Although the classification of pickles at first glance has little bearing on the brief tale I am about to relate… but in so much that I experience that is the “now”, there is a story from the “then” that is imbedded therein that shines like a jewel.

On February 2, 1963 I was Bar Mitvahed. Mommie Soph looked for an appropriate gift to honor the occasion. Perhaps the gift of stock that could improve in value? And in this matter she adhered to Aunt Tiny’s advice that there was only one stock worth purchasing: IBM. Whether Mom’s opinion was also consulted, I can’t say. But Tiny’s position was followed, and 2 shares of IBM stock were purchased for me.

Then the day arrived when the stock certificate arrived at 25 Alston Avenue. And on that day, or perhaps the day after, Aunt Clara happened by for an afternoon visit. I can imagine Aunt Bella was there, too – she usually was. With pride Mommie Soph took out the stock certificate to show around. “See what I got for my Jimmy! Two shares of IBM stock, and Tiny says this is the best! THE BEST!”

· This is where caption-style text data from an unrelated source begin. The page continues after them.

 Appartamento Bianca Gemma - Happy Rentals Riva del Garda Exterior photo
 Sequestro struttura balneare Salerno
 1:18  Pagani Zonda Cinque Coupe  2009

Well, Clara carefully inspected the certificate and declared that this was the wrong stock! “Sophie! You purchased the wrong stock. Look here!” And of course Mommie Soph couldn’t read the words! “This says: International Business Machines! NOT, IBM!” And Clara was insistent on this!!

Now if Clara intended to make a joke it would have been one thing. But that was not the case, she truly believed that Mommie Soph had made a mistake, unfortunate maybe, but an egregious mistake nonetheless!! The feathers were ruffled in the den!

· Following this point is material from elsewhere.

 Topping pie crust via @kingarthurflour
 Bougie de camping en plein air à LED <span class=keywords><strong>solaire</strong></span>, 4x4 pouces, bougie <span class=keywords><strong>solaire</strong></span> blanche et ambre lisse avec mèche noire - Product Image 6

Yes, it took several minutes to sort this out. I am sure Mom was called in to referee this dispute (and maybe even Tiny had to be called to confirm the facts!). The dust settled, and the Chatzek sisters could continue on to a satisfying cup of tea. Peace had returned to the den.

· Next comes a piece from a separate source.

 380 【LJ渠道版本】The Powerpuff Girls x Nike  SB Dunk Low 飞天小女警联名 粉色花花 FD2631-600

And pickles? Well, and this issue has not been completely resolved to the interested parties, Sandy and I just spent the better part of a half hour discussing the difference between jars of pickles labeled “full sour” pickles & “kosher dill” pickles. For me, it simply a matter of marketing. Pickles are: sweet, half sour or full sour – and that Kosher Dill are full sour unless otherwise noted.

So, what can I say. Somehow this debate brought to memory a quiet afternoon that took place in the den at 25 Alston Avenue fifty-five years ago.